Peki iki film arasıdanki genel fark şu olsa gerek. Vatansever çok bariz bir Amerikan propagandası (Hangi sahneyi söyleyeyim artık...). Oysa cesuryürek, bir iskoç propagandasından ziyade, İngiliz yergisi. Aslında İskoçları da fena halde yeriyora ya...
Kim bilir belki de Cesuryürek'in sonunu gerçekçi bulduğumdan bana o film daha gerçekçi gelmiş ve bu yüzden de o filme karşı daha iyimser izlenimler beslemiş olabilirim. Ama bunun da ters argümanı şu ki daha sonunu görmeden Vatansever'den tiksinmiş, oysa yine sonunu görmeden Cesuryürek'i çok sevmiştim.

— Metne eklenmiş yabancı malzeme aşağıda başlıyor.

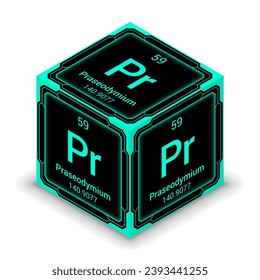 Praseodymium (Pr) (059) - Fundamental Element Futuristic Cybernetic Cube Block Isometric View, Icon Isolated White Background, Periodic Table, Chemical Symbol, Name, Atomic Mass, Atomic Number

Slope / Alper Kömürlü dedi ki...

Zaten Vatansever'in sonunda Mel'in yüzündeki gülüş, kazanılan zafer için değil, iki oğlunu kaybetmesine rağmen kırmızı ceketlileri baltayla parçalayıp çıtır baldızını tavlayabilmiş ve üstelik İngilizler'e de dünya kadar vergi vermekten kurtulmuş olmanın etkisiyleydi. Zaten Amerikan özgürlük çıkışı, vergi vermeme özgürlüğüydü.
Dünyanın her yerinde olduğu gibi para herşeyi yönetiyor.